The Common Good in our Common Home: 
World Christianity, Earth Community, and the Realm of God

Christian communities have proclaimed God’s desire for the Reign of God in many ways, often with human unity as a constitutive element. The North American Academy of Ecumenists seeks paper proposals for its Fall conference, to be held at Princeton Theological Seminary from September 25–27, 2026 exploring the relationship of Christian unity to central theological, social, and ecological questions of our time. 

In the patristic period, the church was sometimes conceived as the Oecumenica, the household of faith spanning the inhabited world. In taking on that name, the contemporary ecumenical movement seeks to restore communion between divided ecclesial communities. This oecumenica has been described as having three parts: the church, humanity, and creation. All of these are grounded in the idea of the common good of the people of God. We seek papers that engage with one or more of these ideas broadly and ask how Christians live into these realities or how scholars study them today.
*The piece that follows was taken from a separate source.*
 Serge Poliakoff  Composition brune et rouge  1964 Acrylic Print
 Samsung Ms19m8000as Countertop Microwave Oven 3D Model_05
  1. In the contemporary academy, studies of world Christianity have proliferated and changed how scholars have studied the church in the world. What new directions in understanding world Christianity should be centered in the field, or what visions and communities are being ignored? How do accounts of the church in the world shape our understanding of the common good of all people and the wellbeing of the earth? How do studies of the local and the global (to the extent that it can be studied) relate?
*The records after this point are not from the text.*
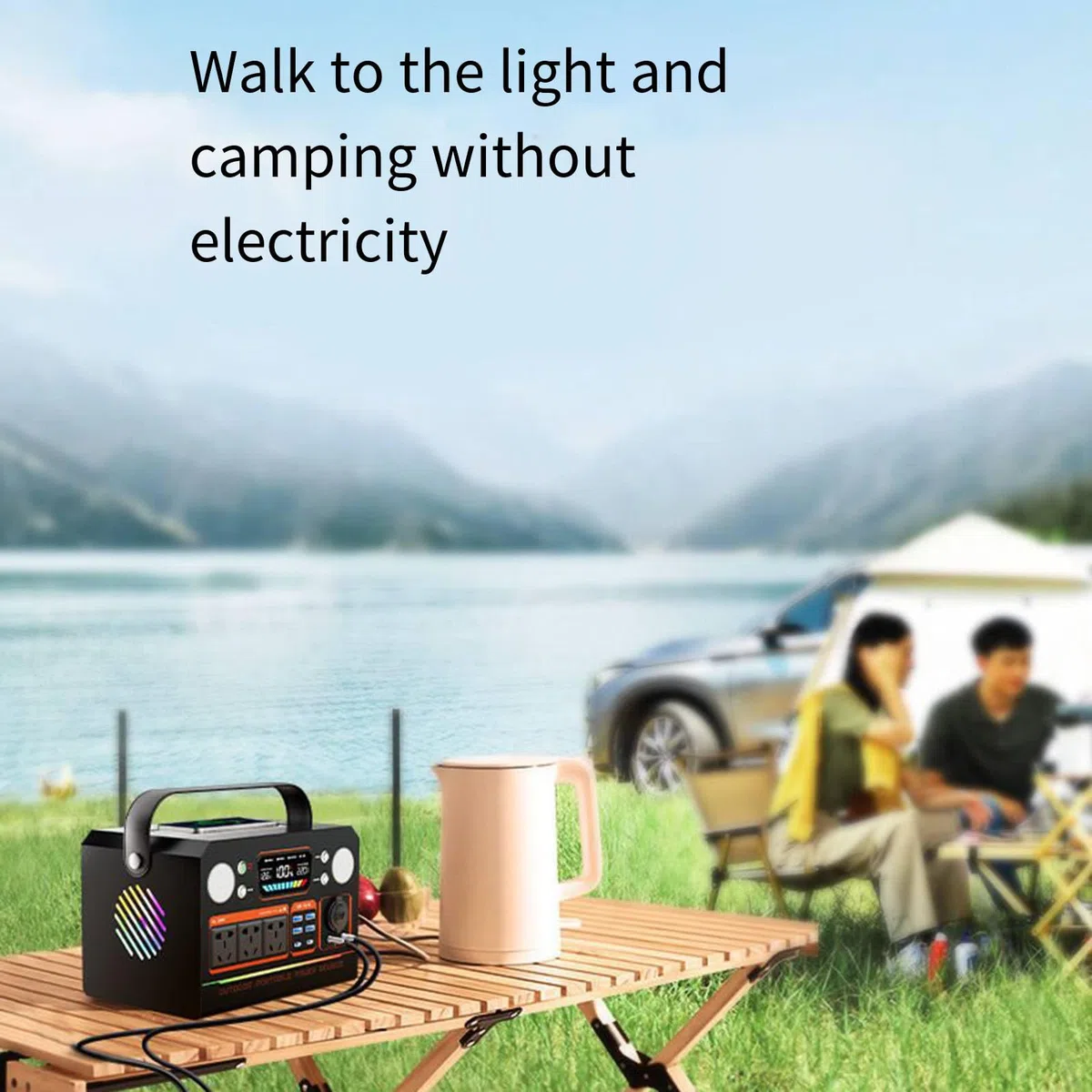Alimentation de Secours Mobile 220 V pour la Maison, Les Voyages en Voiture et Le Camping. Nombreuses spécifications Disponibles, 500 000 mAh.
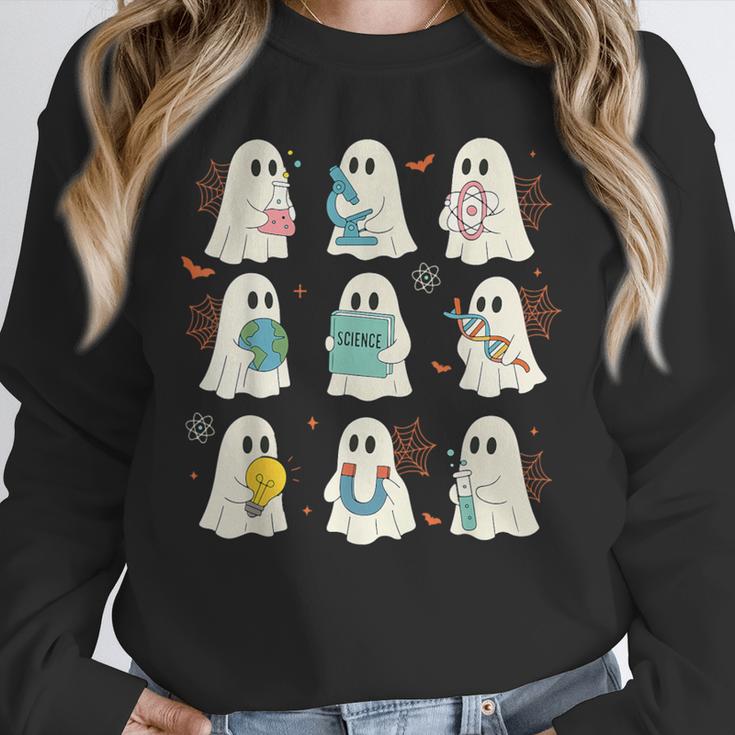 Halloween Science Teacher Student Ghost Laboratory Men Women Unisex Sweatshirt, novelty gifts, funny gifts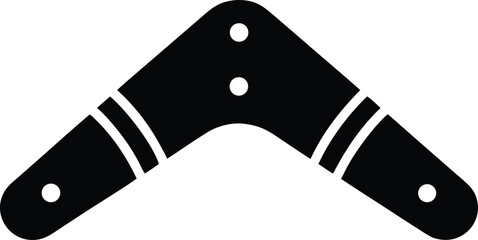 Boomerang Silhouette Vector Transparent Background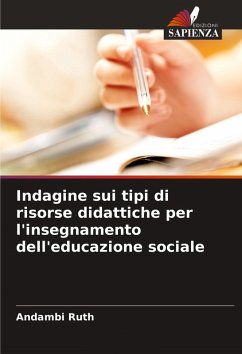 Cover Indagine sui tipi di risorse didattiche per l'insegnamento dell'educazione sociale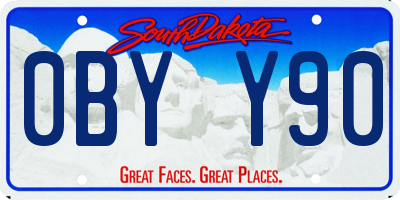SD license plate 0BYY90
  2. Ecumenics seeks to understand unity and division. How are these visions of unity molded by and for political, social and cultural situations, and in relationship to ecological and communal realities? How do varieties of Christian nationalism limit the reach of God’s reign or connect it to particular states? What happens when Christians are formally united with each other in one church, but politically or socially divided from each other by legal or cultural realities? How have conversations about unity changed in response to history of change since the advent of the modern ecumenical movement?

  3. Ecotheology centers a global account of the common good, includes the good of other-than-human beings, and centers the systems and structures in which humans live. How can ecotheology contribute to understanding the Christian oecumenica? How can ecumenical theology contribute to (or impede) ecotheology? What can it learn from non-Christian traditions and knowledges, including Indigenous notions of "buen vivir"?

By June 15, 2026, please send a proposed paper abstract of 300–500 words by email to submissions@ecumenists.org, along with a current CV. Limited scholarships are available for students, religious, contingent faculty, and others of limited means. To apply for scholarship support, please include with your proposal a brief statement of financial need and other sources of funding available to you. Conference format will be hybrid, allowing for remote attendance of paper sessions. Registration will open in mid-summer.